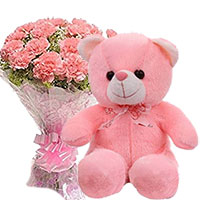 Valentine's Day gift Tiny Teddy bear &12 Pink Carnation to India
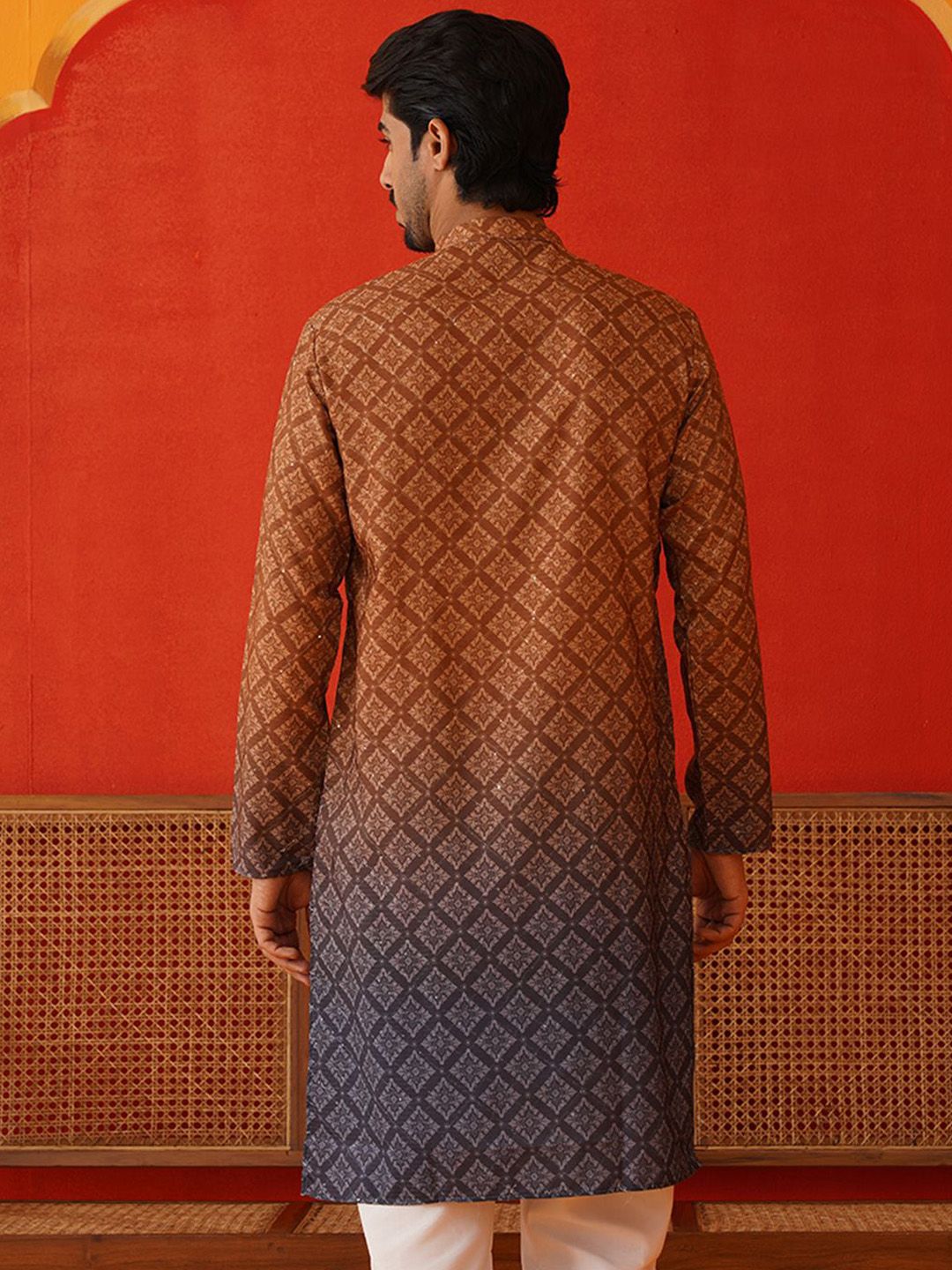 Jompers Men Floral Printed Sequinned Floral Kurta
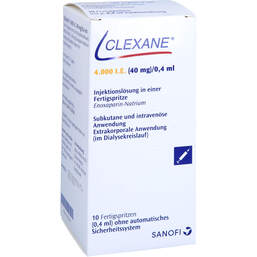 Abbildung: Clexane 4.000 I.E. 40mg / 0,4ml Injektionslösung i.e.F.-Sp. 10 St, Injektionslösung in einer Fertigspritze PZN 16770378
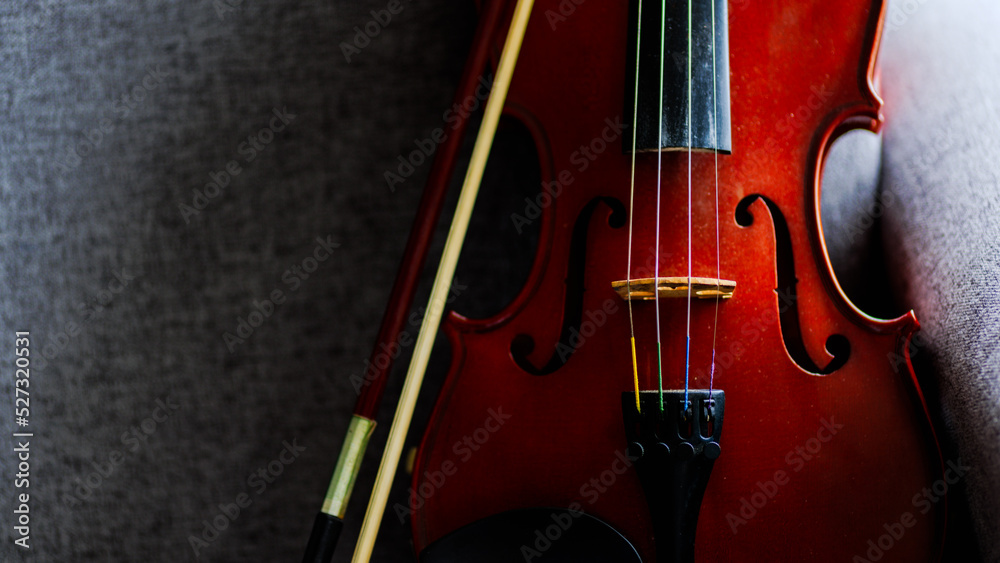 Fototapeta premium Violin vintage musical instrument of orchestra taken with natural light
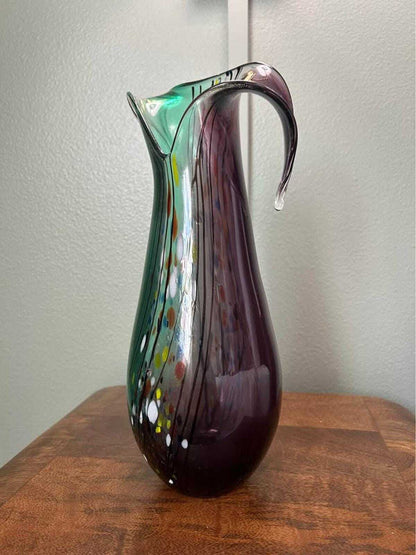 Mid-Century Art Glass Pitcher | Green & Amethyst Confetti, 11" Hand-Blown Vase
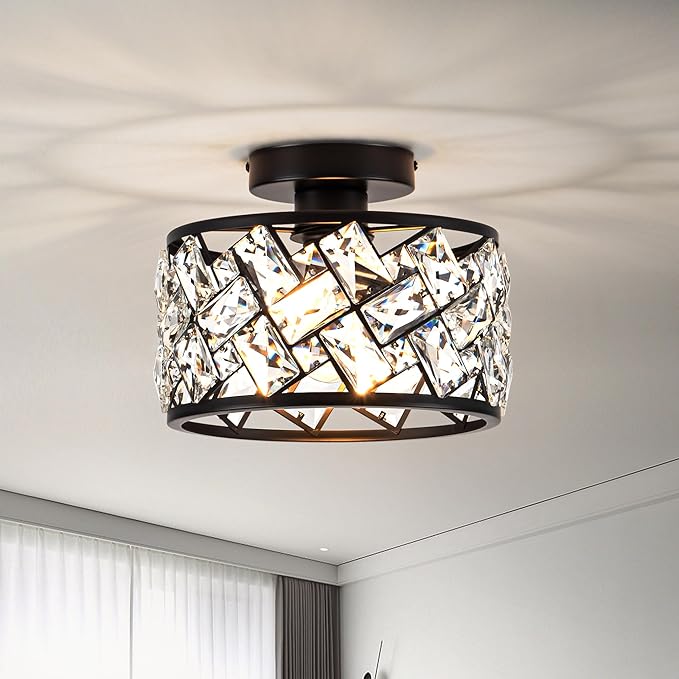 Crystal Ceiling Light Fixture Modern Semi Flush Mount Ceiling LightCrystal Chandelier for Kitchen Bedroom Bathroom Entryway Black Finish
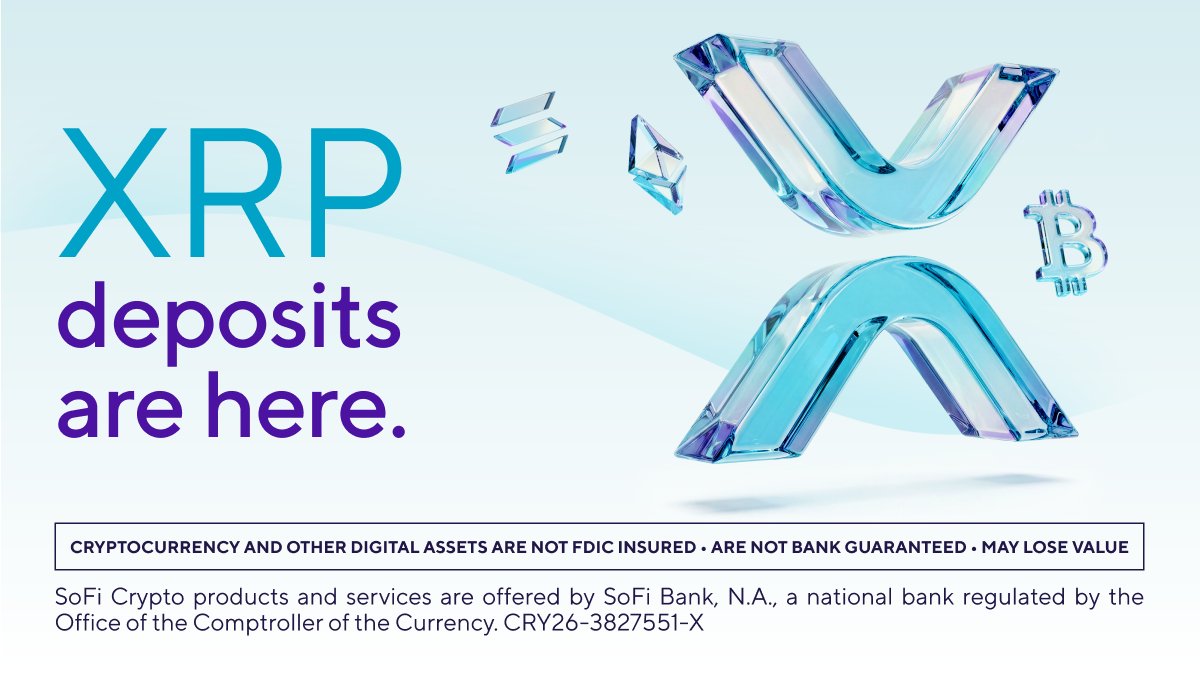 SoFi's tweet image. We’re excited to now support $XRP deposits—along with the most popular coins, like BTC, ETH, and SOL. 

Manage your portfolio in one app with the first national chartered bank where individuals can buy, sell, and hold crypto 👉 SoFi.com/crypto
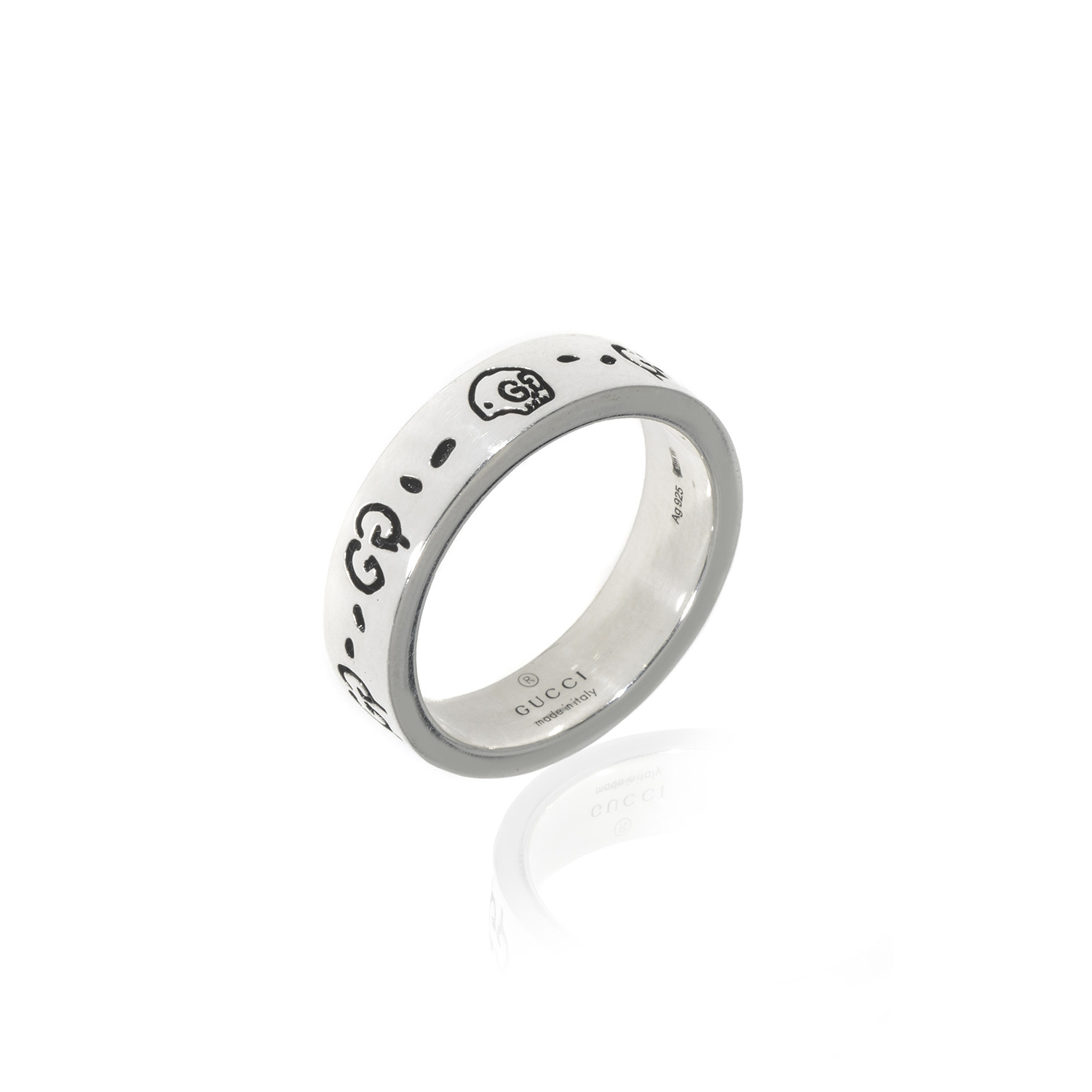 Gucci Ghost Sterling Silver Band Ring // Ring Size: 10.25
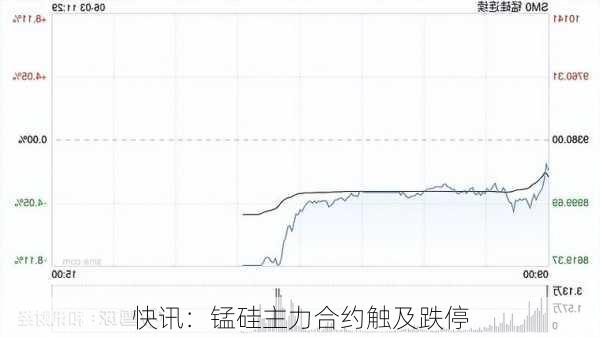 快讯：锰硅主力合约触及跌停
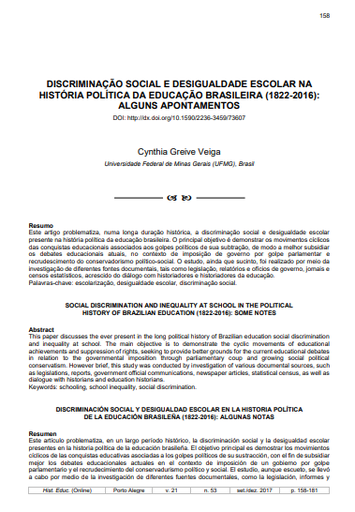 DISCRIMINAÇÃO SOCIAL E DESIGUALDADE ESCOLAR NA HISTÓRIA POLÍTICA DA EDUCAÇÃO BRASILEIRA (1822-2016): ALGUNS APONTAMENTOS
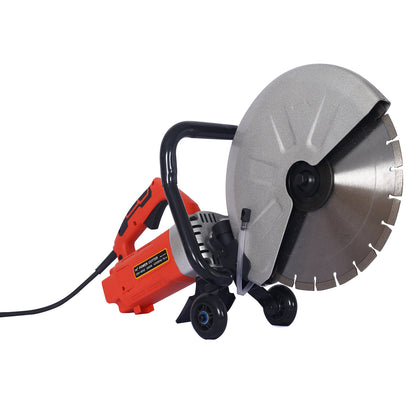 Electric 14  Cut Off Saw Wet Dry Concrete Saw Cutter Guide Roller With Water Line Attachment 3000w With Blade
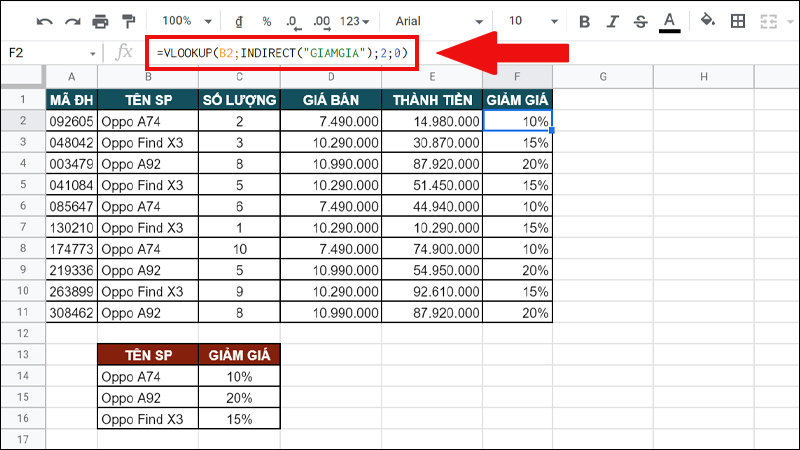 Kết hợp hàm VLOOKUP và hàm INDIRECT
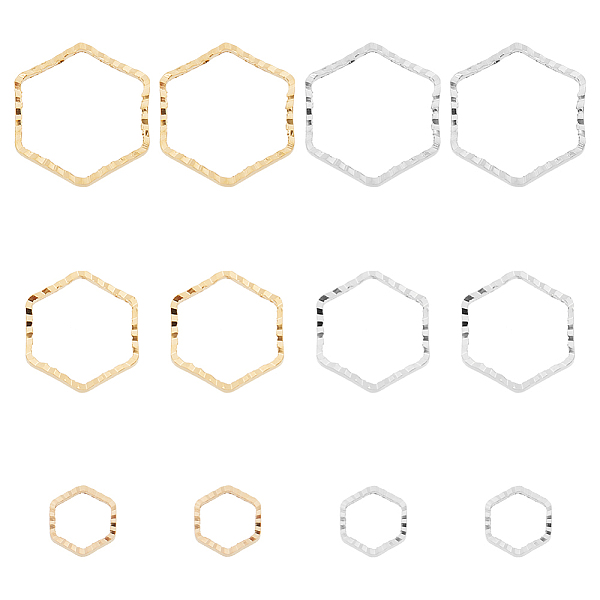 

PandaHall BENECREAT 90Pcs 6 Style Brass Linking Rings, Long-Lasting Plated, Hexagon, Mixed Color, 6~12x6.5~13.5x1mm, Inner Diameter...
★ ★ ★ ★ ★ ★ ★
WORK ITEM: Restate word for word only the lines that run from the line holding "3000w With Blade" to the end of the data, both ends kept, leaving every picture out.

FINAL ANSWER:
 Electric 14  Cut Off Saw Wet Dry Concrete Saw Cutter Guide Roller With Water Line Attachment 3000w With Blade
 Kết hợp hàm VLOOKUP và hàm INDIRECT

PandaHall BENECREAT 90Pcs 6 Style Brass Linking Rings, Long-Lasting Plated, Hexagon, Mixed Color, 6~12x6.5~13.5x1mm, Inner Diameter...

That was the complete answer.